Each of those chapters is further divided into sub-chapters.

The book begins with Noether's early life, and the influence of her father Max Noether, then a professor at the University of Erlangen, and Max Noether's colleague Paul Gordan (here spelled "Paul Gordon"). It also covers the main character's education at a girl's school and the University of Erlangen.
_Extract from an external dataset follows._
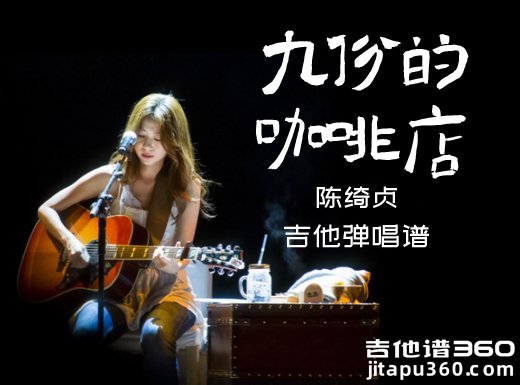 陈绮贞《九份的咖啡店》吉他弹唱谱 六线谱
Finally, it covers Noether's career at the University of Göttingen, and her exile (due to the rise of the Nazis) to the United States at Bryn Mawr College, where she stayed for the rest of her life.

== Reception ==
Roy Berglund, of the Borough of Manhattan Community College, called it an "enjoyable book and quite readable by non-mathematicians". Charles Aschbacher, editor of the Journal of Recreational Mathematics, also praised the book, writing that "[n]one of [the dialogue] is beyond the bounds of plausible conversation".

Benno Artmann, of the Mathematisches Institut of the University of Göttingen, wrote that "one cannot expect any specific information" about Noether's research, and concluded with the remark "Well, let us stamp our feet at the end of the book!"
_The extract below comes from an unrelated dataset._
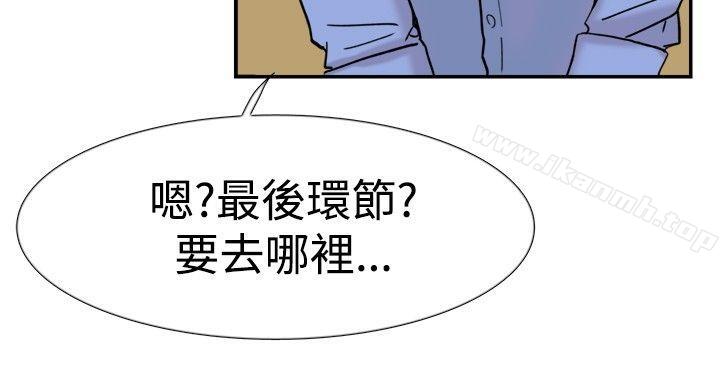 双重恋爱第41话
Martin Griffiths wrote that, although the book does give the reader an impression of Noether's eccentric yet generous personality, some parts feel like "a play with a rather simplistic and unimaginative script". The review writer also speculated, based on a comment in the acknowledgements section, that Tent might have written the book primarily for teenage girls. Renate Tobies, writing for the The Mathematical Intelligencer, also expressed her disappointment upon reading the book, even though she had agreed to review it enthusiastically. Tobies pointed out that the portrayal of Noether's family in the book is anachronistic, and that the book indicates that Tent seemingly did not understand Cordula Tollmien's research (despite Tent acknowledging it herself), nor how higher education in Germany works.